Is it possible that had I been born into the same family as this terrorist scum that perhaps I might have been the one to mutilate this little angel?  Is it possible that the monster that harmed this little girl also lives in me and it was a simple roll of the dice as to where I was born and where he was born that kept that beast dormant in my life but awakened it in his?

My heart breaks that this isn't an isolated incident but that crap like this happens all over the world on a regular basis and has done so for thousands of years.  Countless children, innocent children like my young son, who likes to sleep with a night light because he is scared of the make believe monster in his closet, have the very real terror that there are men, evil men, out there that wants to come and kill them.  Men, who might be just like me had they been raised the same way and who I might be just like them should I had been raised in their situation.

And so my first step is to remember that same beast lies within me....and I must never let it even get a glimpse of daylight!  I will suffocate that hateful monster by trying to be the most loving person I can possibly be.  I'm going to be better at being kind to those around me, to strangers and friends alike.  I'm going to stop to help people more, I'm going to give that little wave when I switch lanes on the freeway.  When someone makes me angry I'm going to ask myself how bad the transgression really was?  How does it compare to what was done to that poor father holding his dead baby, and maybe with that clarity it will be easier to forgive the minor things that happen to me.  And should I ever come face to face with this kind of person, I will fight them, I will fight with every ounce of my body to protect what they want to destroy.

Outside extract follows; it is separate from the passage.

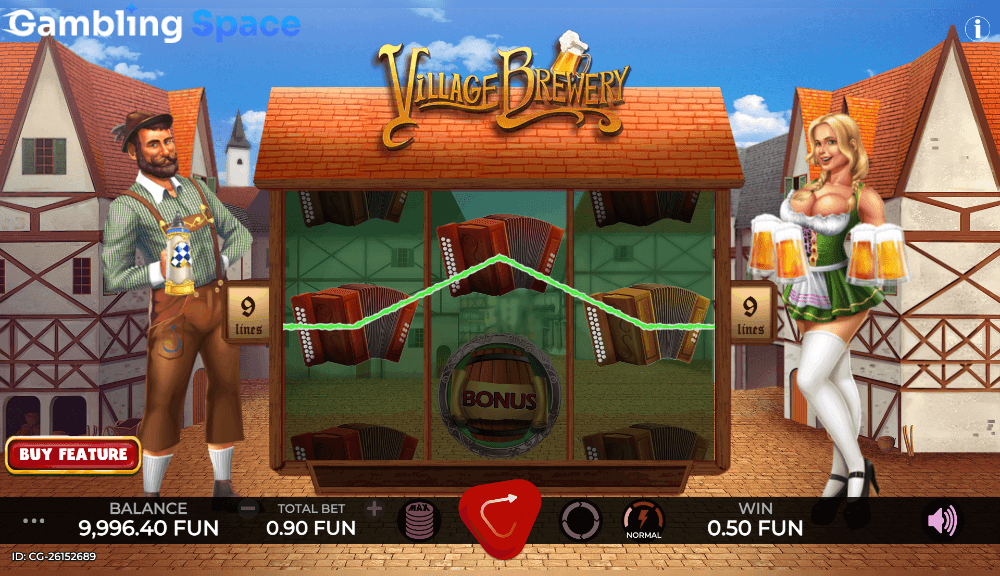 Village Brewery – Screenshot 5
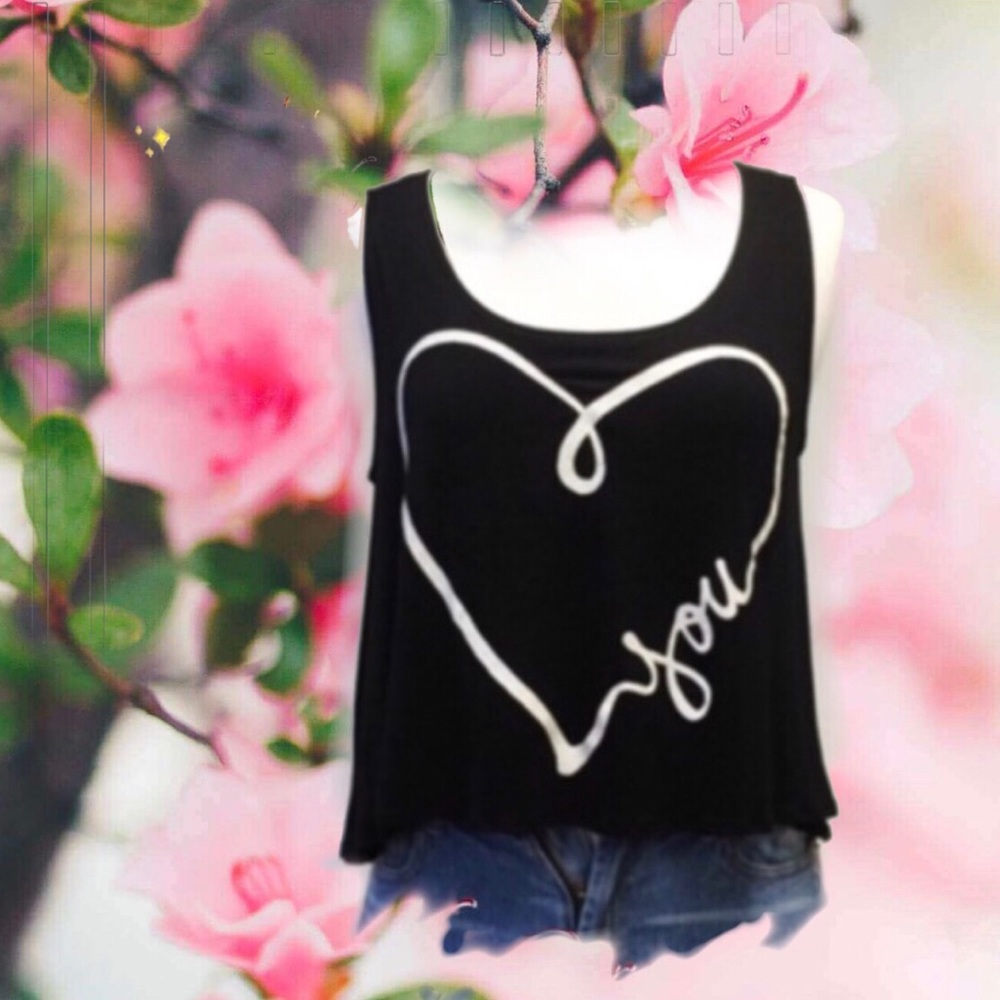 🔴🐶✨HP✨🐶Just In💖💖 Trendy girly top...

I must prepare to fight two battles.  I must prepare myself to go to war against the evil in the world and be willing to take action when I see it, to the point of death, while at the same time going to war against the evil in me and daily slay the monster within.  I must learn to love more and harder and stronger than these guys hate.......which will be quite the challenge......because they hate a lot.

In the mean time, God bless you sweet child, God bless you and every one like you....may we daily live our lives to rid the world of the evil that took you.